As a GM product, cross manufacturing also produces the Chevy Traverse that’s built on the same platform and shares the same engine as the 7-passenger Enclave, but the similarities end there. Enclave is more luxurious with a smoother ride than the Traverse. Of course is also costs a bit more.
Enclave is offered in Preferred, Essence, Premium and top-shelf Avenir. Preferred comes standard with FWD while the other trim models are offered in FWD and AWD.
We tested the Essence AWD that had a mere 20-inch step in. It came with leather seating and an 8-inch touchscreen and Buick’s infotainment system with internet connection of up to seven devices, OnStar, voice control, 4G Wi-Fi hotspot capability, navigation, Apple CarPlay/Android Auto through a phone connection, a host of apps and rearview camera with surround view. There’s also a back massage feature offered as is a rear camera mirror wherein the rearview mirror doubles to expand the rear field of vision void of heads and headrests, says Buick.
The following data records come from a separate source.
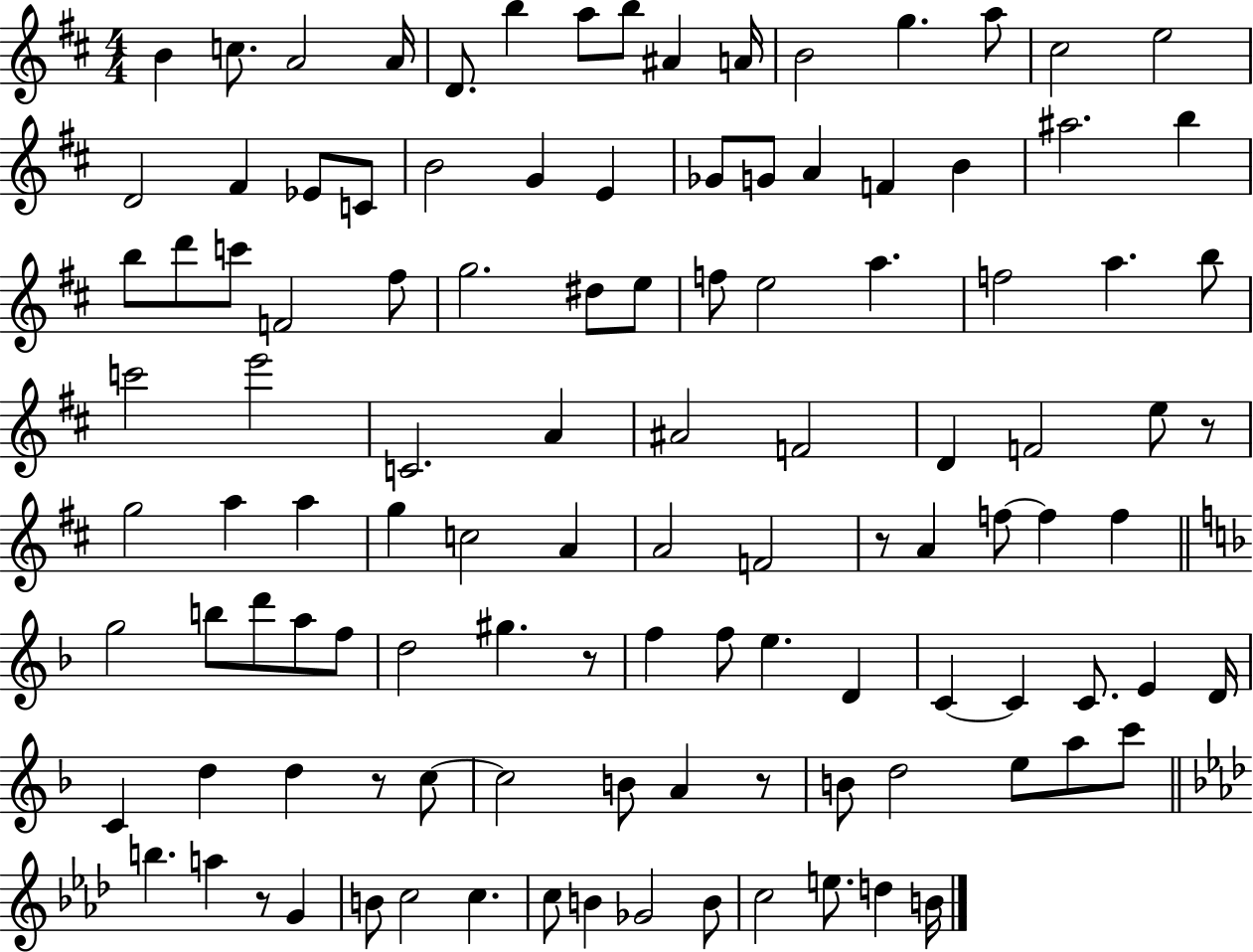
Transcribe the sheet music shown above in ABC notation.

X:1
T:Untitled
M:4/4
L:1/4
K:D
B c/2 A2 A/4 D/2 b a/2 b/2 ^A A/4 B2 g a/2 ^c2 e2 D2 ^F _E/2 C/2 B2 G E _G/2 G/2 A F B ^a2 b b/2 d'/2 c'/2 F2 ^f/2 g2 ^d/2 e/2 f/2 e2 a f2 a b/2 c'2 e'2 C2 A ^A2 F2 D F2 e/2 z/2 g2 a a g c2 A A2 F2 z/2 A f/2 f f g2 b/2 d'/2 a/2 f/2 d2 ^g z/2 f f/2 e D C C C/2 E D/4 C d d z/2 c/2 c2 B/2 A z/2 B/2 d2 e/2 a/2 c'/2 b a z/2 G B/2 c2 c c/2 B _G2 B/2 c2 e/2 d B/4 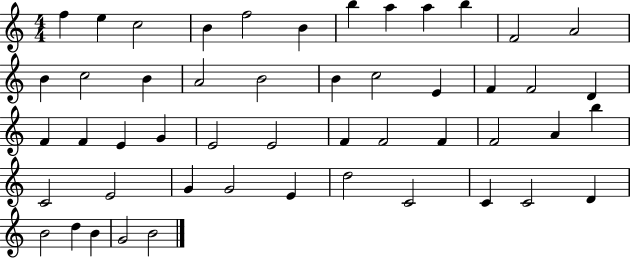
{
  \clef treble
  \numericTimeSignature
  \time 4/4
  \key c \major
  f''4 e''4 c''2 | b'4 f''2 b'4 | b''4 a''4 a''4 b''4 | f'2 a'2 | \break b'4 c''2 b'4 | a'2 b'2 | b'4 c''2 e'4 | f'4 f'2 d'4 | \break f'4 f'4 e'4 g'4 | e'2 e'2 | f'4 f'2 f'4 | f'2 a'4 b''4 | \break c'2 e'2 | g'4 g'2 e'4 | d''2 c'2 | c'4 c'2 d'4 | \break b'2 d''4 b'4 | g'2 b'2 | \bar "|."
} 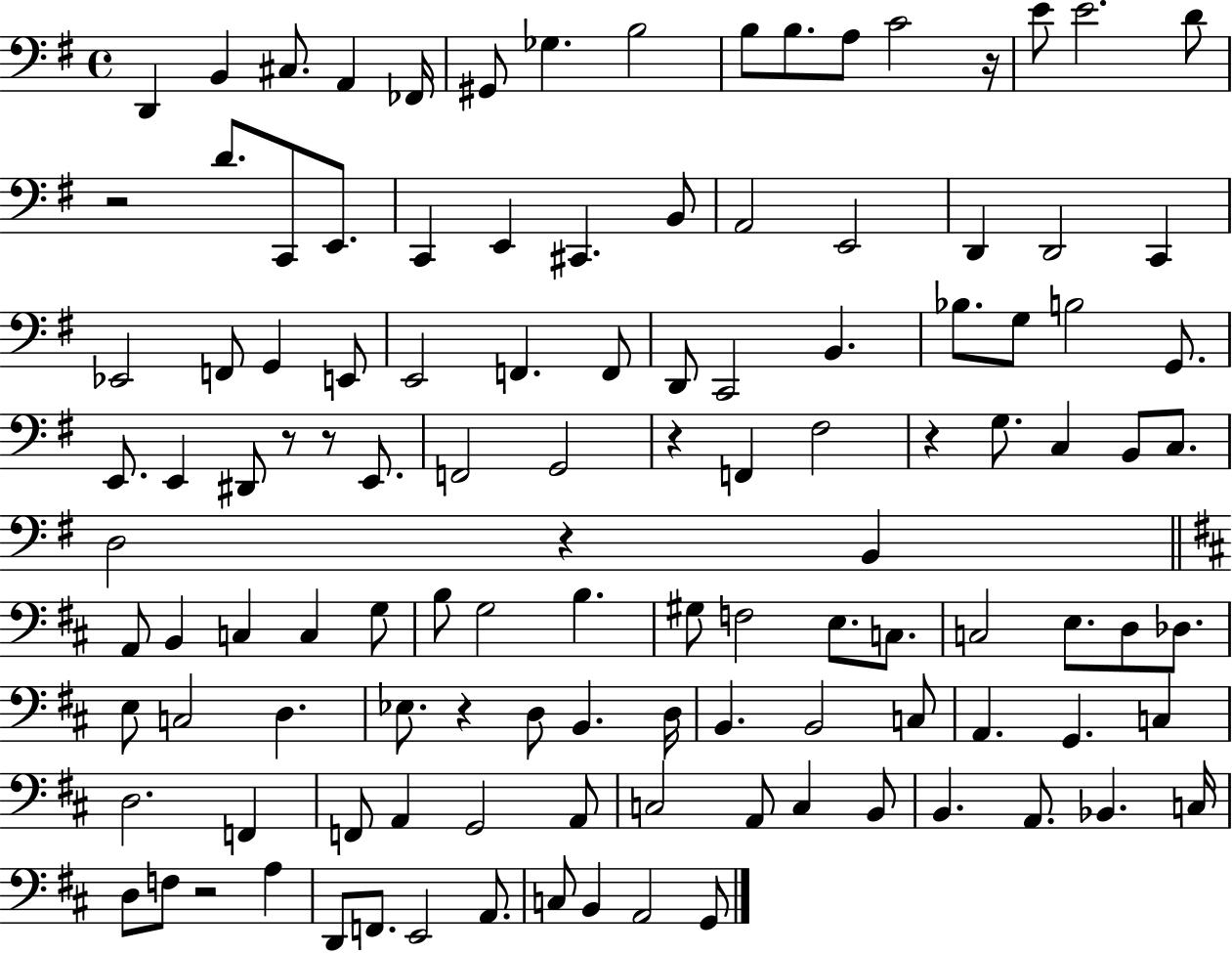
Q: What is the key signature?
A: G major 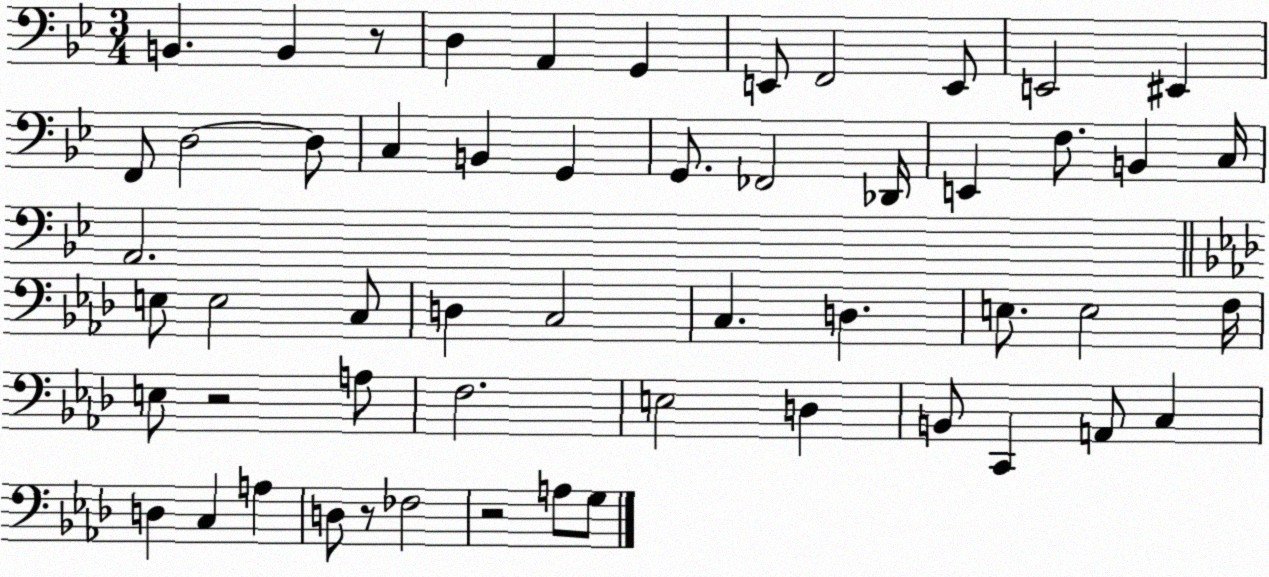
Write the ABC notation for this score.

X:1
T:Untitled
M:3/4
L:1/4
K:Bb
B,, B,, z/2 D, A,, G,, E,,/2 F,,2 E,,/2 E,,2 ^E,, F,,/2 D,2 D,/2 C, B,, G,, G,,/2 _F,,2 _D,,/4 E,, F,/2 B,, C,/4 A,,2 E,/2 E,2 C,/2 D, C,2 C, D, E,/2 E,2 F,/4 E,/2 z2 A,/2 F,2 E,2 D, B,,/2 C,, A,,/2 C, D, C, A, D,/2 z/2 _F,2 z2 A,/2 G,/2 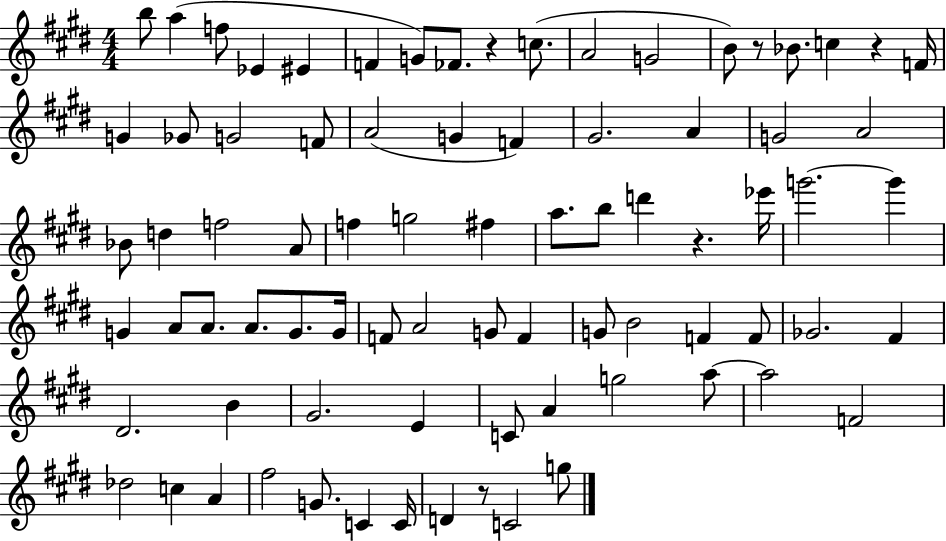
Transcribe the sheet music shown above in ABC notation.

X:1
T:Untitled
M:4/4
L:1/4
K:E
b/2 a f/2 _E ^E F G/2 _F/2 z c/2 A2 G2 B/2 z/2 _B/2 c z F/4 G _G/2 G2 F/2 A2 G F ^G2 A G2 A2 _B/2 d f2 A/2 f g2 ^f a/2 b/2 d' z _e'/4 g'2 g' G A/2 A/2 A/2 G/2 G/4 F/2 A2 G/2 F G/2 B2 F F/2 _G2 ^F ^D2 B ^G2 E C/2 A g2 a/2 a2 F2 _d2 c A ^f2 G/2 C C/4 D z/2 C2 g/2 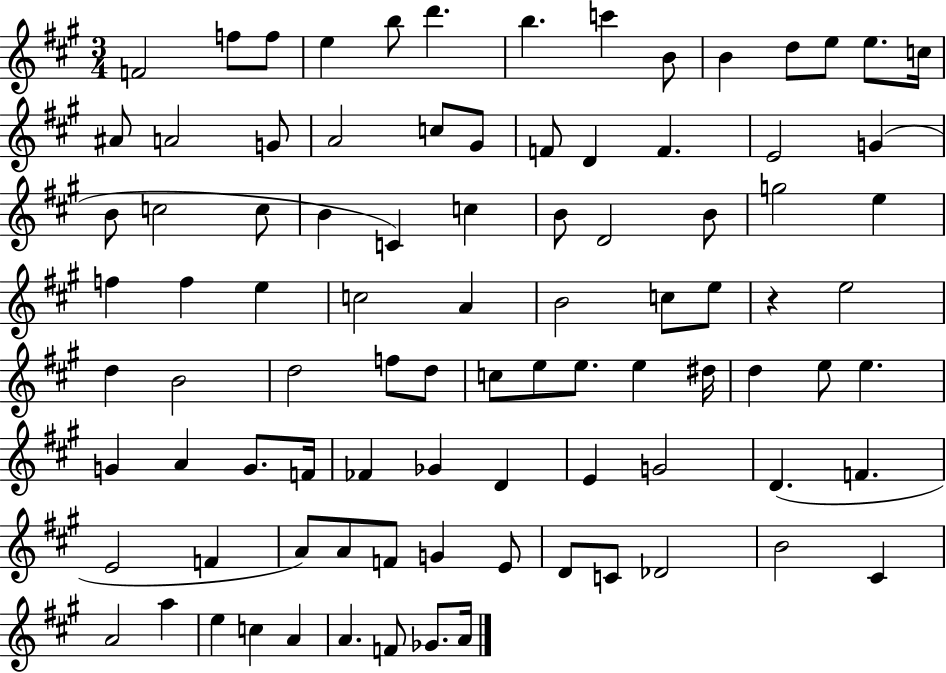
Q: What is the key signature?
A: A major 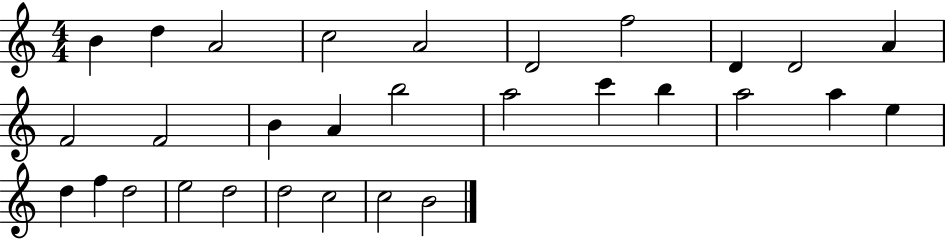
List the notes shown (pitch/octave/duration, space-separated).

B4/q D5/q A4/h C5/h A4/h D4/h F5/h D4/q D4/h A4/q F4/h F4/h B4/q A4/q B5/h A5/h C6/q B5/q A5/h A5/q E5/q D5/q F5/q D5/h E5/h D5/h D5/h C5/h C5/h B4/h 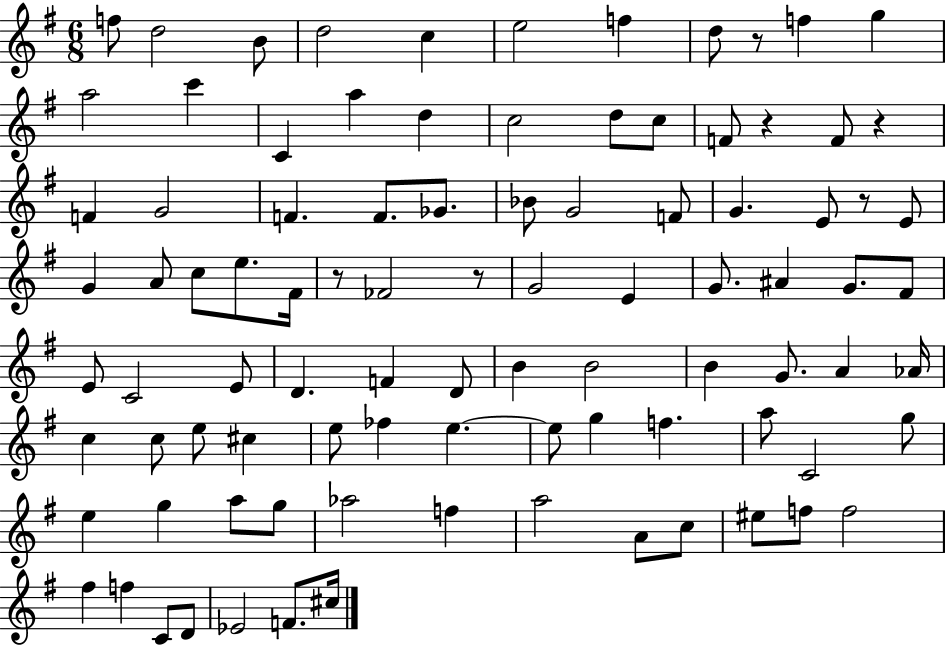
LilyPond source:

{
  \clef treble
  \numericTimeSignature
  \time 6/8
  \key g \major
  f''8 d''2 b'8 | d''2 c''4 | e''2 f''4 | d''8 r8 f''4 g''4 | \break a''2 c'''4 | c'4 a''4 d''4 | c''2 d''8 c''8 | f'8 r4 f'8 r4 | \break f'4 g'2 | f'4. f'8. ges'8. | bes'8 g'2 f'8 | g'4. e'8 r8 e'8 | \break g'4 a'8 c''8 e''8. fis'16 | r8 fes'2 r8 | g'2 e'4 | g'8. ais'4 g'8. fis'8 | \break e'8 c'2 e'8 | d'4. f'4 d'8 | b'4 b'2 | b'4 g'8. a'4 aes'16 | \break c''4 c''8 e''8 cis''4 | e''8 fes''4 e''4.~~ | e''8 g''4 f''4. | a''8 c'2 g''8 | \break e''4 g''4 a''8 g''8 | aes''2 f''4 | a''2 a'8 c''8 | eis''8 f''8 f''2 | \break fis''4 f''4 c'8 d'8 | ees'2 f'8. cis''16 | \bar "|."
}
Front seats had heating/cooling and the steering wheel was heated, all desired features.
HVAC controls are two-fold. There are easy to use dash mounted switches for basic functions while air direction, A/C and front heat/cool control are selected on the display.
Enclave’s gauge set has a sizable driver information display between the speedo and tach. It also displays a reminder if the back seats have a person or package on them when the engine is shut down, and if a door is open when the engine is started.
While there are no faults with the above, there is the questionable BMW-iDrive-like 9-speed automatic transmission shifter. One new Enclave owner gave Enclave 5-stars but said the only negative was the “idiot stick, a reference to the shifter.” The owner indicated simple push buttons would have been better, perhaps referring to finding Reverse gear. To do so, driver’s must first push a switch on the side of the shifter then move it forward then left, making it a three step procedure to find Reverse. For Park, a push on the top of the shifter must be pressed. There were, however, paddle shifters to shift for yourself once underway.
To engage AWD, there’s a switch on a pod to the left of the display. Upon doing so, an indication displays on the gauge cluster.
Second row seats are comfy offering gobs of leg and head room. They have Buicks’ SmartSlide function that easily slides the passenger seat forward for easy third row access, and does so with an empty child seat installed.
Back in the cargo area, and behind the third row seat there’s 23.6 cubic feet of cargo space that measures 23 inches deep, 45 wide and 30.5 wide. Flip the third row and space increases to 58 cubes for 53 inches of depth. Flip second row as well and it opens up 97.6 cubic feet for 86 inches of cargo loading depth.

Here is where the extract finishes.